» **ACTION ITEM**
Repeat all of the data below word for word, keeping no images.

» **SOURCE MATERIAL**
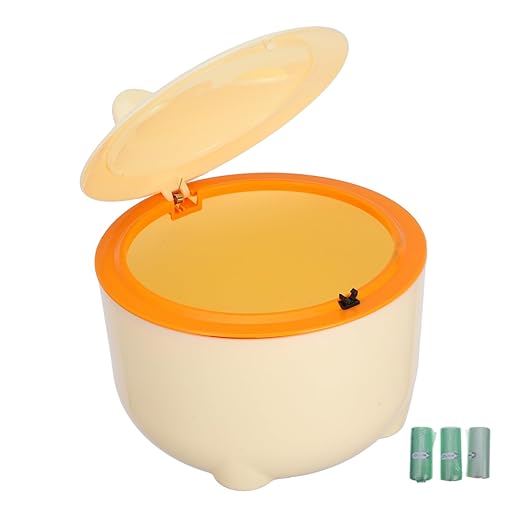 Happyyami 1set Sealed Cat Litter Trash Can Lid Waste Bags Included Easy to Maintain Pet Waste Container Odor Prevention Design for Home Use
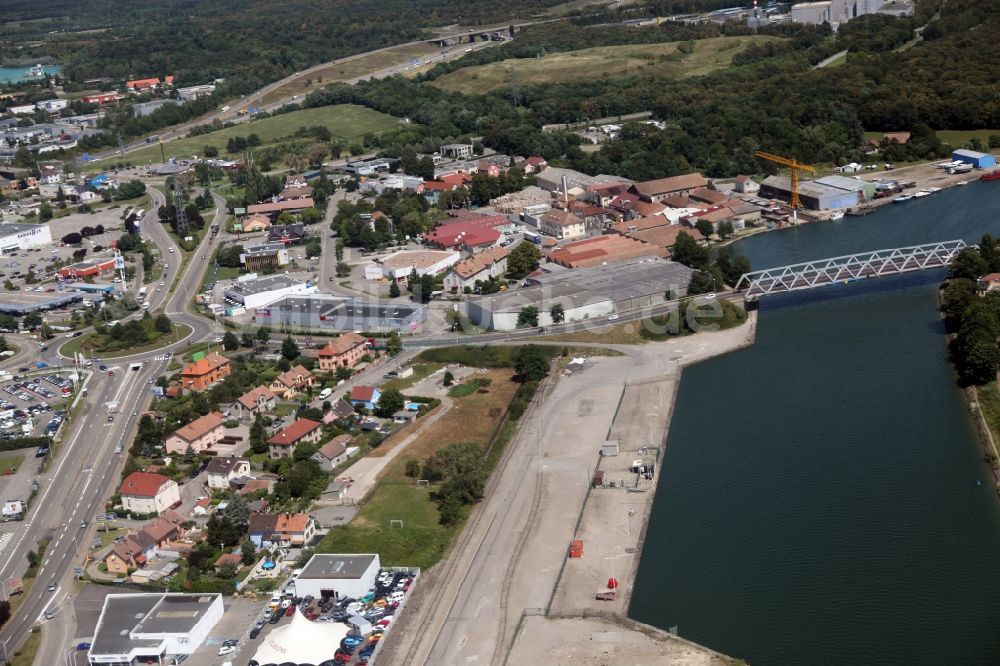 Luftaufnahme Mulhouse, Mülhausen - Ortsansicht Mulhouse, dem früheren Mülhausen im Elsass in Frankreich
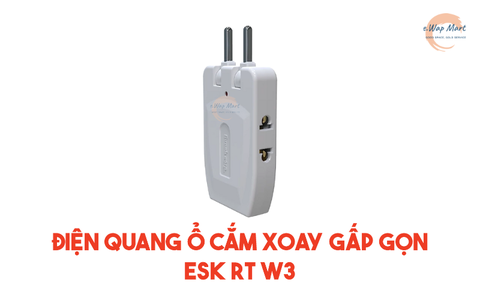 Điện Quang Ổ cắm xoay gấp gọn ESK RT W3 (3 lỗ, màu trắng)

» **SOLUTION TO THE PROBLEM**
 Happyyami 1set Sealed Cat Litter Trash Can Lid Waste Bags Included Easy to Maintain Pet Waste Container Odor Prevention Design for Home Use
 Luftaufnahme Mulhouse, Mülhausen - Ortsansicht Mulhouse, dem früheren Mülhausen im Elsass in Frankreich
 Điện Quang Ổ cắm xoay gấp gọn ESK RT W3 (3 lỗ, màu trắng)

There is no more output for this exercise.